After living in the house for 1½ years, I finally have enough distance to evaluate the many decisions that went into building it. I plan to write a long series of "Hindsight" posts, speaking frankly about what worked and what we'd do differently if we had to do it all over again.
For my first hindsight post, I'm going to keep it simple and talk about our kitchen appliances. Don't worry, I'll cover all the hairy Passivhaus details eventually, but it's been 9 months since my last blog post so I'll start at the shallow end.
When we built our house in Tucson, we found out the hard way that there are two categories of refrigerator: standard depth and counter depth. Counter-depth refrigerators look sleek amid the cabinets since they don't stick out past the counter, but they cost more, have lower capacity, and are generally less energy-efficient than their standard-depth brethren. Our kitchen in Tucson was designed for a counter-depth model, so we were stuck paying more for a smaller, less-efficient fridge. With this in mind, I designed our current kitchen to accommodate a standard-depth refrigerator.
My choice of brands was limited by my irrational grudge against the Whirlpool Corporation (I had a vexing over-the-range microwave experience with them back in '04), so I combed the list of CEE Tier 3 refrigerators and discovered that Frigidaire made a couple of likely 21-ft3 models.
We got the FGUI2149 (356 kWh/year) because our local vendor was able to locate one for us (it was a relatively obscure model), but the slightly-fancier FPUI2188 would have done equally well. Both models seems to have been discontinued, alas, but Whirlpool appears to still make a few with similar specs.
The shelves inside the refrigerator door are a good size and easy to rearrange, and I've never found myself cursing at the refrigerator, so it must be pretty good. My only gripe is that the cover of the ice cream compartment (which sees a lot of traffic in our house) has a cheap plastic catch and seems likely to break one of these days. There is also an occasional rattle when the condenser is on, but we've never bothered leveling the refrigerator according to the manual so I suspect that might fix it.
Long story short, if you have a time machine and can buy appliances that were discontinued two years ago, I can cheerfully recommend the Frigidaire FGUI2149. We haven't owned it long enough to know how reliable it is, but for now we have no real complaints.

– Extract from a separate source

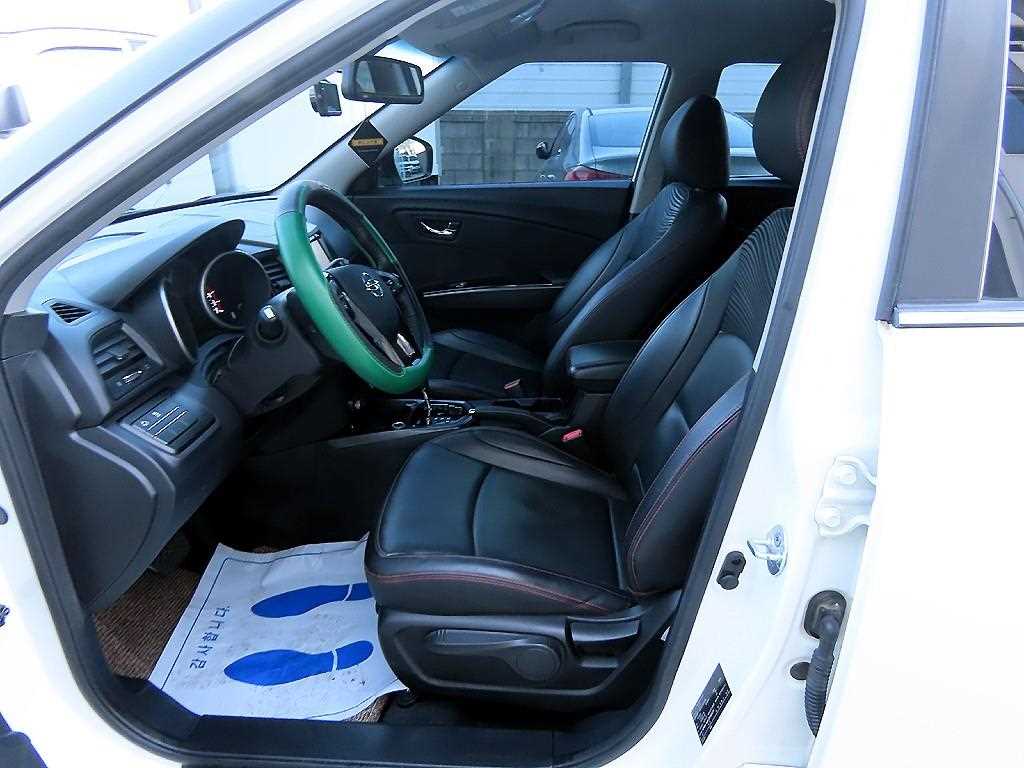 Ssangyong Tivoli - Vista 5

No custom home is complete without a huge and powerful gas range. The ultimate expression of this would be a $50,000 La Cornue Grand Palais (which I invite you to purchase through my Amazon Associates link), but plenty of fine stoves are available for a mere $10,000 or less from Viking, Wolf, Dacor, and others. (I was also perfectly happy with my humble GE range back in Chicago, and probably would have done fine with something similar.) Ted makes a lot of stir-frys, so he longed for a lot of power, and a gas range seemed like the obvious choice.

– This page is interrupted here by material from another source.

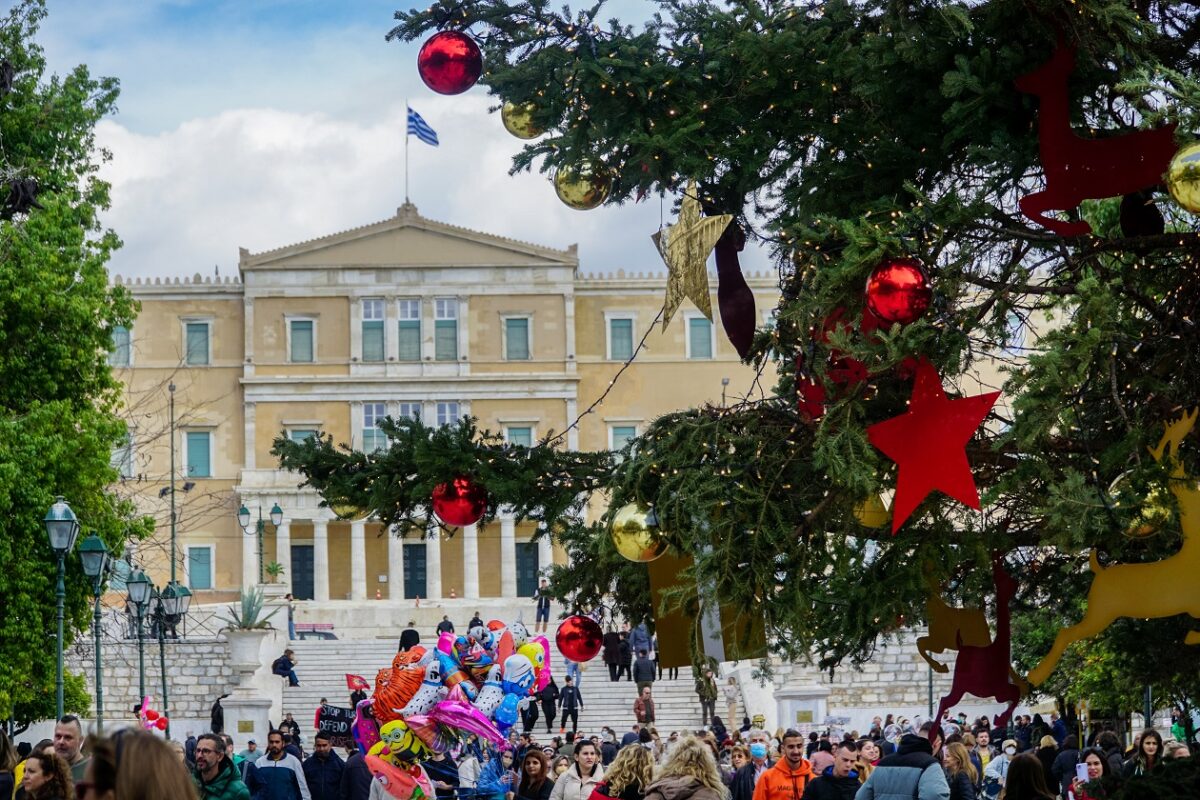 Καιρός: Ηλιόλουστη η πρώτη μέρα του χρόνου – Πότε θα έχουμε νέες «χιονοεκπλήξεις»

But our blue-flamed ambitions came to an unexpected end when energy guru Marc persuaded us to skip the gas range and install an induction cooktop instead. In a super-tight house like ours, the combustion from a gas stove would require more makeup air than we would expect to get from random leaks in our envelope. Furthermore, gas cooking requires fossil fuels, and it would be nice to build a house that could operate exclusively from clean energy. Induction stoves, we learned, could give us a high-powered, responsive cooking experience without any carbon-spewing combustion.

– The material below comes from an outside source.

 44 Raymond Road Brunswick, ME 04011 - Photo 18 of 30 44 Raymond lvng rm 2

Induction burners are electric, but unlike radiant electric burners they use magnets to induce a current in the metal cookware, essentially turning the pan itself into the heating element. They boil water extremely quickly, like a radiant electric burner, but they are every bit as responsive as a gas flame. And unlike a gas flame, the settings are electronic and therefore extremely consistent, which means I can set the burner to 7 and know it's exactly the same power as every other time I've set it to 7.
We bought the low-end Bosch induction cooktop (MSRP $1,699), and it has all the features we need. All it lacks compared with the higher-end models is precise heat controls, which allow you to press the "5" button rather than pushing the up-arrow until it reaches 5. But I don't mind using the arrow buttons (you can hold them down until they reach the desired setting), and the low-end model has the same cooking power as the others (the most powerful burner goes to 3,600W, which is roughly equivalent to a 26,000 BTU gas flame—insanely powerful).
It also has a separate timer for each burner, which is particularly handy when using the pressure cooker. For example if I'm cooking chickpeas, I bring the cooker to pressure, lower the heat, and then set the timer to 30 minutes. It stops on its own, and then the pressure releases naturally at its own pace—great for set-it-and-forget-it cooking.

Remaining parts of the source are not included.